Pour saisir cette passion de la photographie argentique (ou analogique), il faut plutôt y voir une mode, notamment avec l’aspect vintage qui est relié à cette technique, selon M. Baillargeon. Il explique : « Les appareils photos de l’époque argentique, souvent les gens les considèrent comme des objets vintages. Des objets qui ont un rapport intéressant et intrigant.»

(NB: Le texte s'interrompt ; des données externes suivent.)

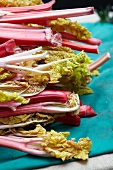 Fresh Rhubarb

La production de photographie sur pellicule présente pourtant plusieurs défis. L’une de ses contraintes est l’accès à une chambre noire pour développer les photos. Nombre d’entre elles ont disparu avec l’arrivée du numérique. Selon M. Baillargeon, la photographie argentique n’est pas à la portée de n’importe qui. Il faut une formation technique et beaucoup de pratique avant d’être en mesure de comprendre les rudiments de cette pratique de la photographie. Pour illustrer les difficultés de la photographie argentique, il dit : « Les produits et les machines pour cette technique sont difficiles d’accès. À Québec, il y a un seul laboratoire pour faire de la pellicule couleur. Il y a donc peu de ressources.»

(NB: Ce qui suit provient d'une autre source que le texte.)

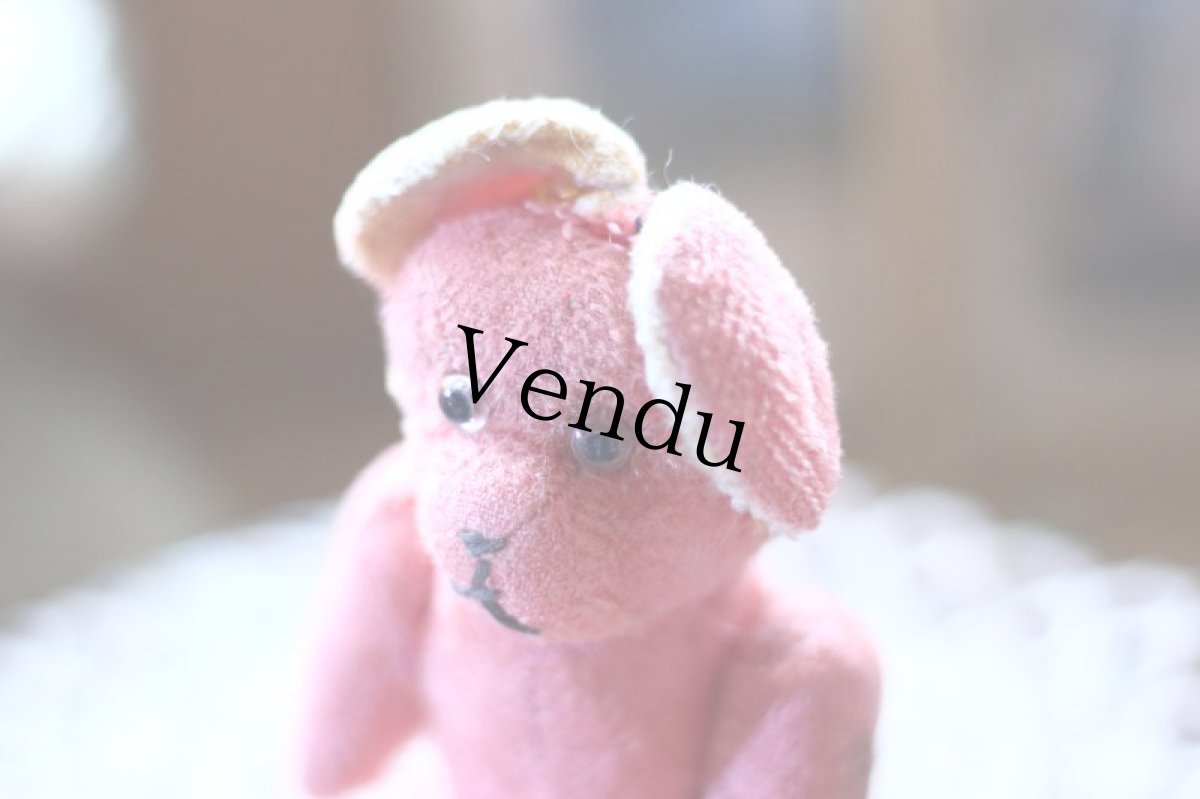 画像9: Pink Bear / France (9)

La photographie argentique présente un aspect artistique pour certaines personnes. Cette idée est partagée par Richard Baillargeon. Selon lui : « Le grain de la photographie argentique peut être intéressant pour donner une matérialité particulière à l’image». Par contre, M. Baillargeon ajoute que l’appréciation pour la qualité d’une photo argentique reste une question de goût pour chaque personne.
Il faut prendre en compte qu’au niveau de la qualité de la photo, le numérique n’a rien à envier à la photographie argentique. Selon le professeur de l’Université Laval : « Jusqu’à une date assez récente, la qualité des capteurs numériques avait des hauts et des bas, mais actuellement, on a des capteurs numériques qui permette d’obtenir des photos de très hautes résolutions». Ainsi, le choix d’une technique de photographie est avant tout une préférence personnelle pour chaque photographe.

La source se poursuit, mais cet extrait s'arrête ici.